■ **EXERCISE REQUIREMENTS**: An exact copy is the goal: every line from the one containing "Juego para pizza" to the end of the material below, pictures excluded.

■ **DATA SEGMENT**:
··········

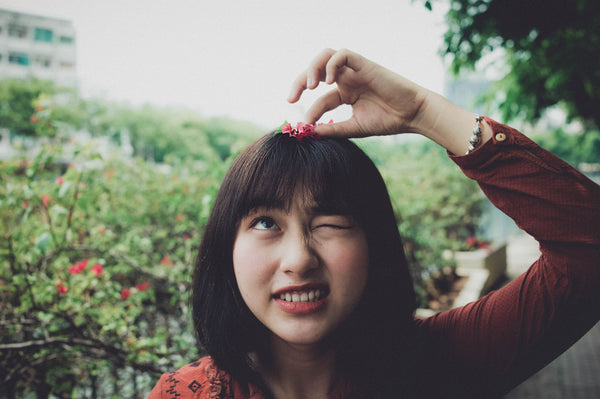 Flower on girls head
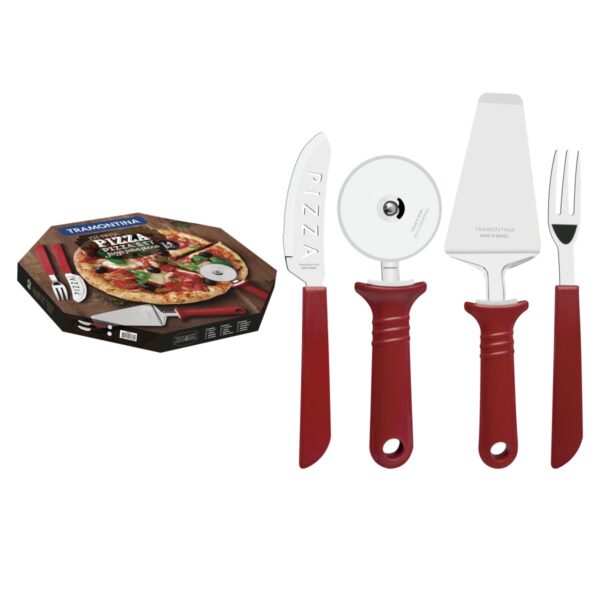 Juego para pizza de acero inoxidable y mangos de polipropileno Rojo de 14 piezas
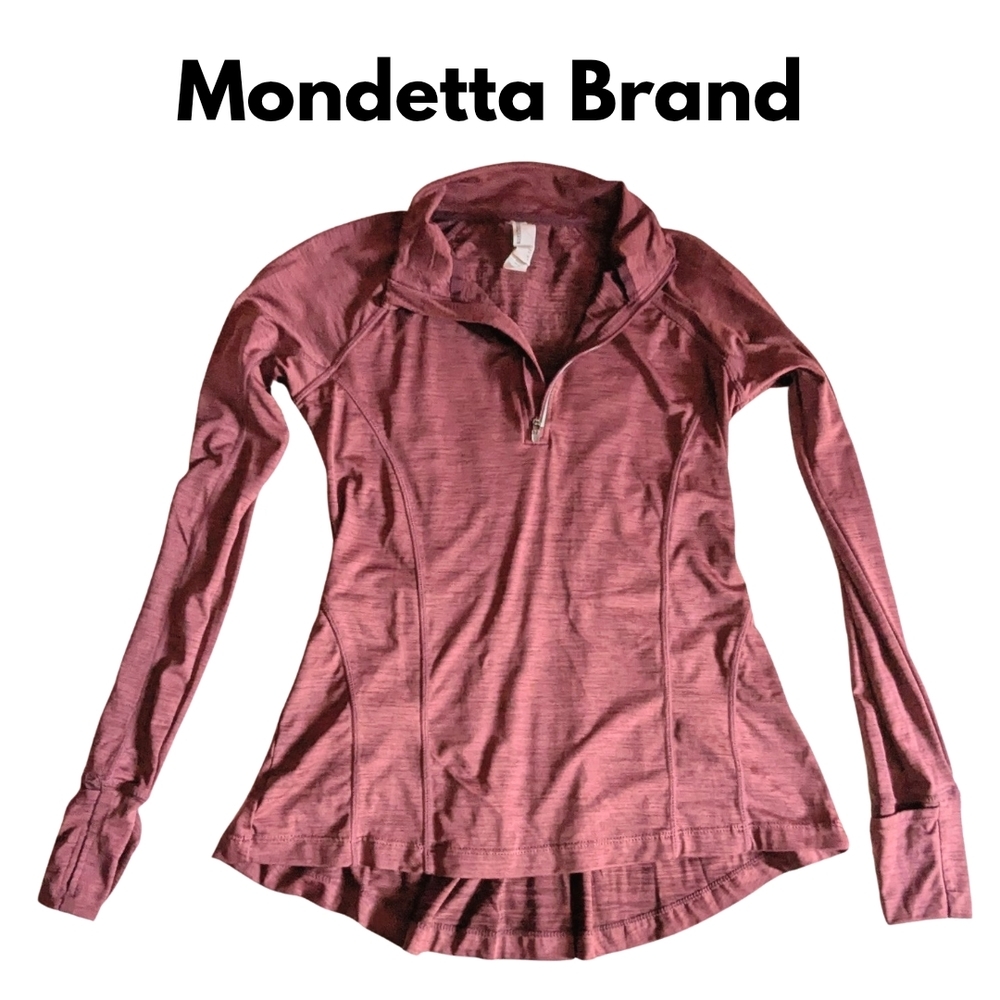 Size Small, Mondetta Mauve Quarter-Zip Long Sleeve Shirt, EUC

··········

■ **WRITTEN RESPONSE**:
 Juego para pizza de acero inoxidable y mangos de polipropileno Rojo de 14 piezas
 Size Small, Mondetta Mauve Quarter-Zip Long Sleeve Shirt, EUC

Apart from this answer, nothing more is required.